** SOURCE DATA follows **
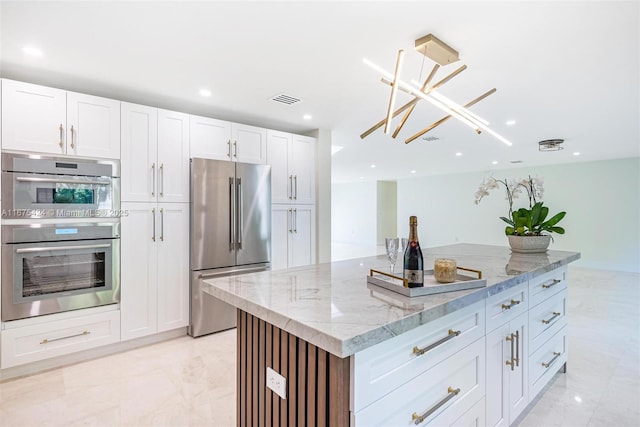 kitchen featuring stainless steel appliances, white cabinets, a kitchen island, and light stone counters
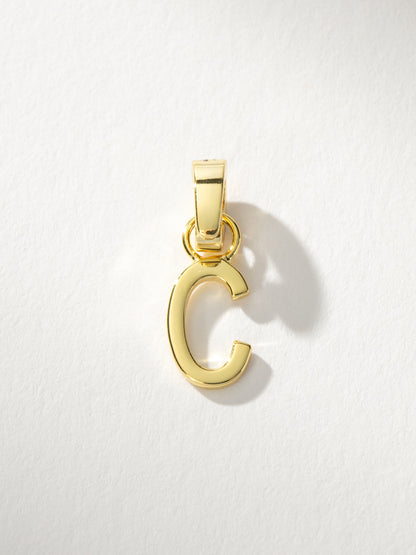 ["Letter Charm ", " Gold Solid C ", " Product Image ", " Uncommon James"]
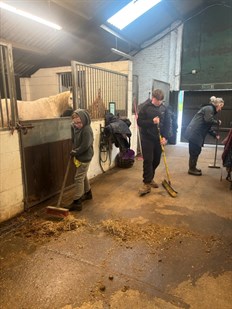 Students Mucking Out Stable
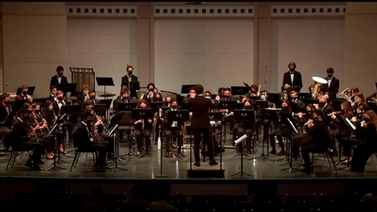 The wind symphony performing onstage.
** End of SOURCE DATA **
### PROBLEM TO WORK ON
Restate word for word the lines above that start at the line containing "Gold Solid C" and run to the end of the listing; exclude the pictures.

### ANSWER BOX
 ["Letter Charm ", " Gold Solid C ", " Product Image ", " Uncommon James"]
 Students Mucking Out Stable
 The wind symphony performing onstage.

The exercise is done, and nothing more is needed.